This paper introduces a deep convolutional neural network (CNN) architecture
that achieved record-breaking performance in the 2012 ImageNet LSVRC. Notably,
it brings together a bunch of neat ideas in an end-to-end, trainable model.
Main contributions:
- Achieves state-of-the-art performance in ILSVRC-2012.
- Makes available an efficient, parallelized GPU implementation of their model.
- Describes in detail the features of their model that help in improving performance
and reducing training time, along with extensive ablative studies.
- Uses data augmentation and dropout to prevent overfitting.
## Strengths
- Uses (and popularizes) ReLUs instead of tanh as the non-linear activation unit, which makes training six times faster.

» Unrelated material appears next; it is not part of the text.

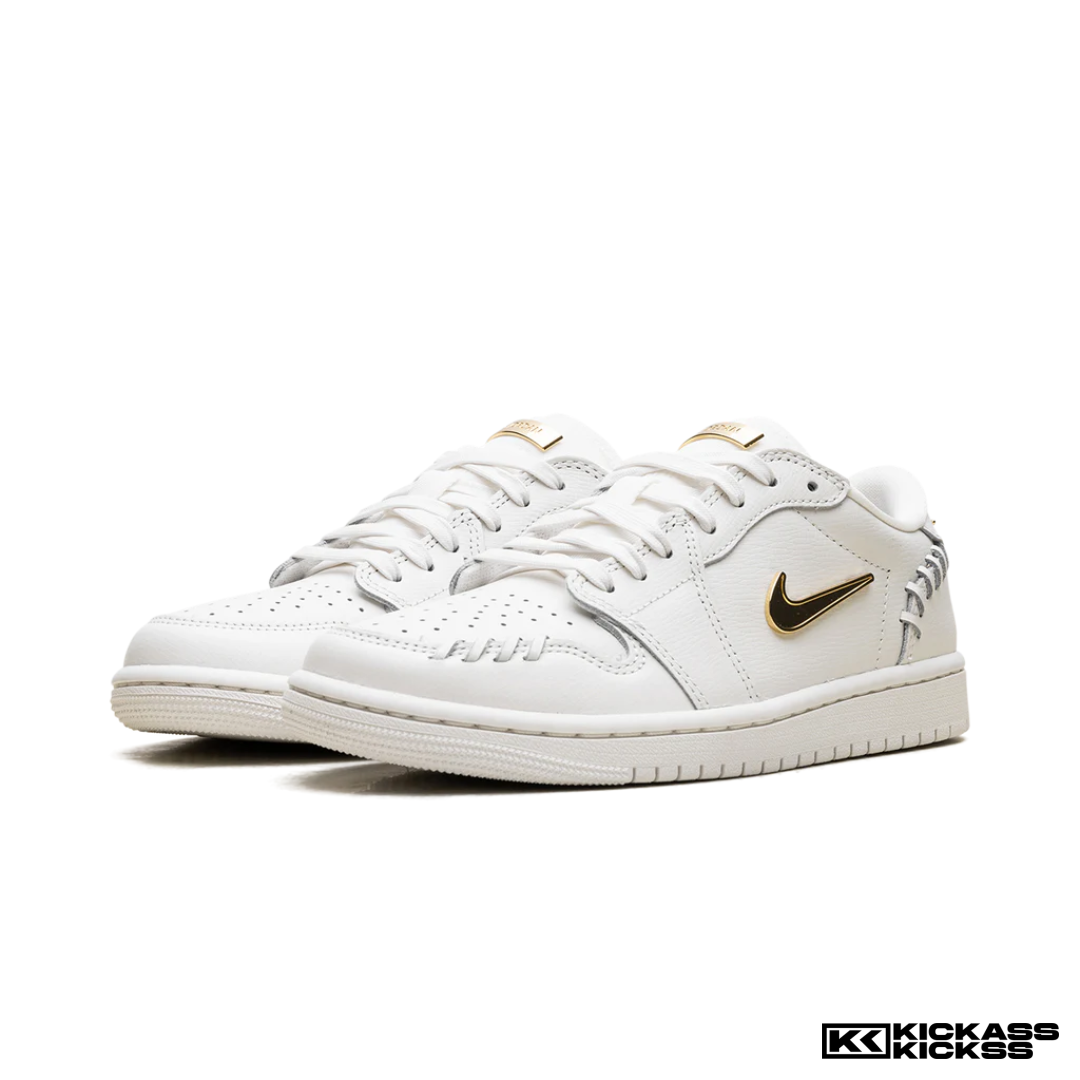 Jordan 1 Low Method of Make Sail Metallic Gold (W)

- Uses local response normalization and overlapped pooling.
- Data augmentation
- Extracts random crops and performs image translations, horizontal reflections maintaining the label distribution.

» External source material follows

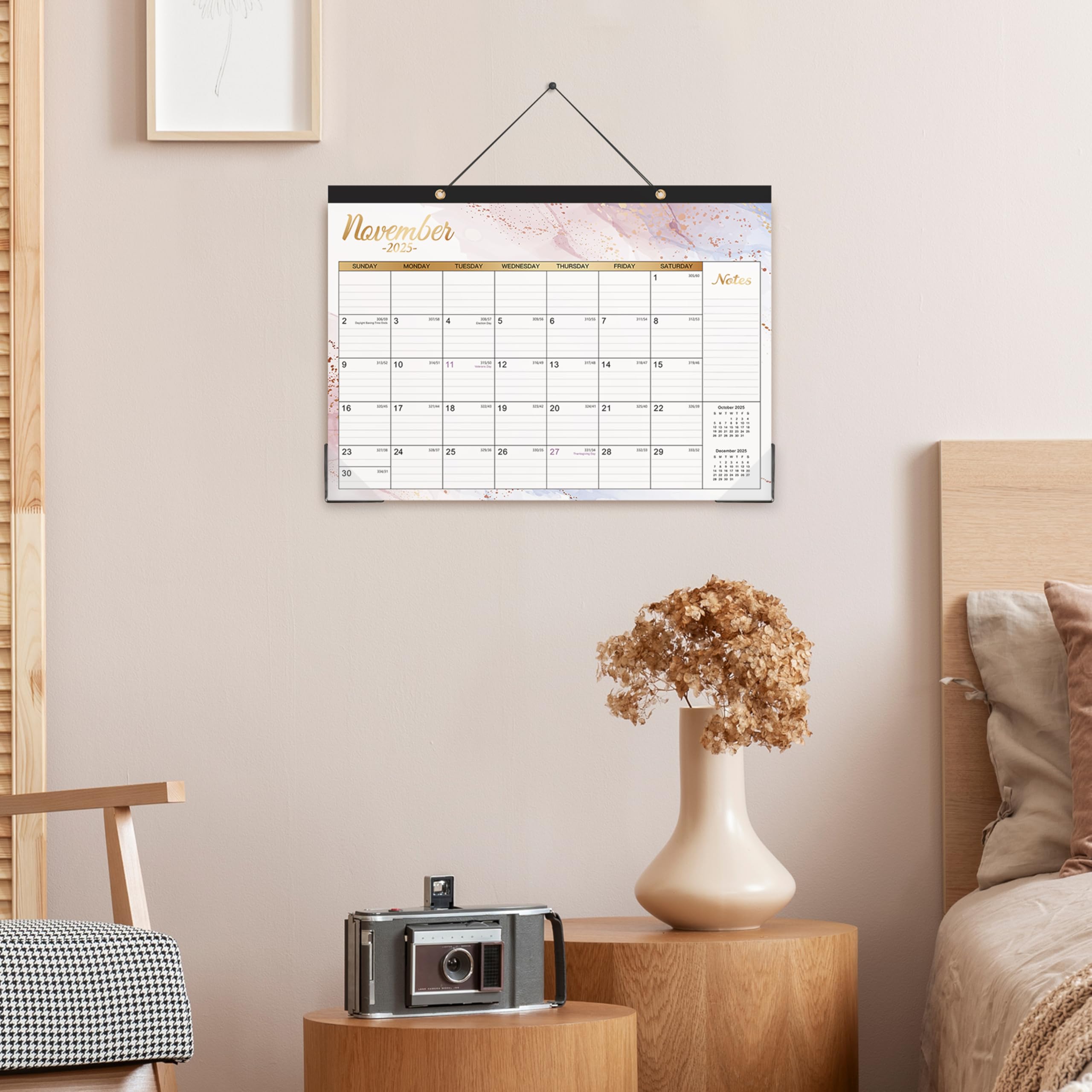 2025-2026 18-Month Wall & Desk Calendar - July 2025 to December 2026, 17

- Alters RGB pixel values by performing PCA on training set, and adding multiples of eigenvalues times a random variable drawn from a Gaussian to image. Provides invariance to changes in intensity and color of illumination.
- Dropout prevents overfitting. Randomly drops half of the neurons in the fully connected layers, and can be interpreted as averaging over exponentially-many dropout networks.
## Weaknesses / Notes
- Lacks theoretical insight. Design decisions are motivated solely by results.